The slabs having the chemical composition described above are subjected to multi-pass rough rolling after being heated to 1150 to 1300 캜. If the temperature of the slab to be provided for rough rolling is less than 1150 ° C, the rolling load at the time of rough rolling becomes remarkably high, and the productivity is deteriorated. Therefore, the temperature of the slab to be provided for rough rolling is set to 1150 DEG C or more. On the other hand, it is not preferable to make the temperature of the slab provided in the rough rolling higher than 1300 DEG C in view of production cost. Therefore, the temperature of the slab to be provided for rough rolling is set to 1300 占 폚 or less. Further, the slab to be provided in the rough rolling may be directly rolled in the hot rolled slab. In order to obtain a high strength effect by precipitation strengthening, it is necessary to heat the elements such as Nb and Ti into solution, so that the temperature of the slab to be provided for rough rolling is preferably 1200 ° C or higher.

The slab is subjected to multi-pass rough rolling, and the final four or more passes are rolled into a jar bar at a temperature range of 1000 to 1050 캜, and at a total rolling reduction of 30% or more.

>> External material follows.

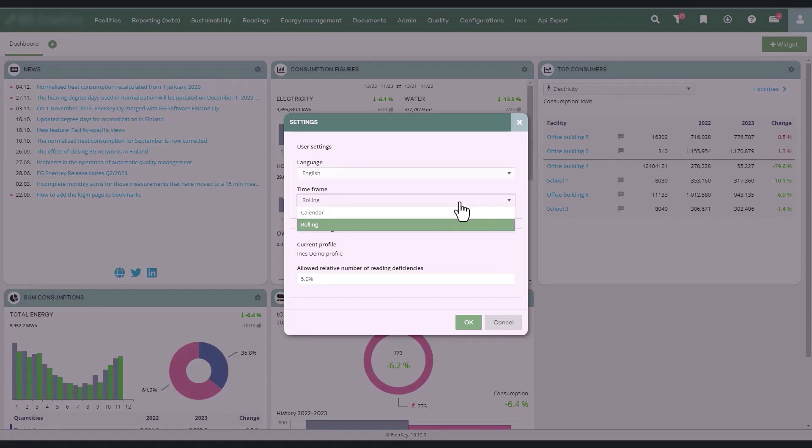The default calendar year changes in February when the first month of the year becomes reportable. This setting affects the default time period selections in the facility service. However, time periods can be freely adjusted as needed from the reports' time period selections.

In order to suppress the formation of coarse martensite, it is important to make the austenite finer in the hot rolling process. This is effective for repeatedly recrystallizing austenite in the rough rolling step before finish rolling. Here, in the rolling in the temperature region exceeding 1050 占 폚, the grain growth after recrystallization is remarkably fast, and it is difficult to make the austenite finer. On the other hand, in the rolling in the temperature range of less than 1000 캜, the next rolling is performed without being completely recrystallized, and the grain size in the non-recrystallized portion and the recrystallized portion becomes uneven. As a result, the number density of martensite having an average diameter of 3 mu m or more increases. When the total reduction ratio is less than 30%, it can not be made sufficiently fine. Further, even if the rolling is performed at a total reduction ratio of 30% or more, the austenite grain size becomes uneven when the number of rolling passes is less than 4, and as a result, coarse martensite is produced.

Therefore, the slab is subjected to multi-pass rough rolling so that the final four or more passes are rolled into a joining bar by rolling at a temperature range of 1000 to 1050 캜 and a total reduction ratio of 30% or more.

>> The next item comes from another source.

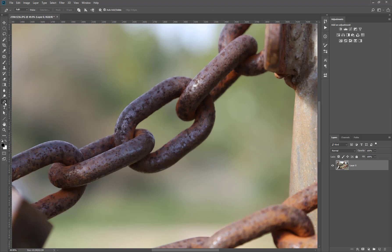I select the pen tool or I press P on my keyboard and let's draw a quick shape around this link. I'm going to do it very rough.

The joining bar starts rolling within 60 seconds after completion of the rough rolling, and finish rolling is performed to complete the rolling in a temperature range of 850 to 950 캜 to obtain a finished rolled steel sheet.

As described above, in order to suppress the formation of coarse martensite, it is important to make the austenite finer in the hot rolling process. Even if the rough rolling is performed, the time from the completion of rough rolling to the start of finish rolling exceeds 60 seconds The austenite becomes coarse. Therefore, the time from the completion of rough rolling to the start of finish rolling should be within 60 seconds.

When the finishing temperature exceeds 950 占 폚, the austenite after completion of the finish rolling is coarsened, so that the nucleation site of the ferrite transformation is reduced and the ferrite transformation is greatly delayed. Therefore, the finishing temperature should be 950 캜 or lower. On the other hand, when the finishing temperature is less than 850 캜, the rolling load becomes large. Therefore, the finishing temperature should be 850 캜 or higher.

Thereafter, the finish-rolled steel sheet is subjected to primary cooling, air-cooling, secondary cooling, and winding. The primary cooling rate shall be an average cooling rate of 50 ° C / s or higher. If the primary cooling rate is low, the ferrite grain size becomes large. The martensite is obtained by transforming the austenite in the remaining portion where the ferrite transformation has proceeded. When the ferrite grain size is coarsened, martensite in the remaining portion is also coarsened. The upper limit of the primary cooling rate is not particularly defined, but if it exceeds 100 DEG C / s, the facility cost becomes excessive, which is not preferable.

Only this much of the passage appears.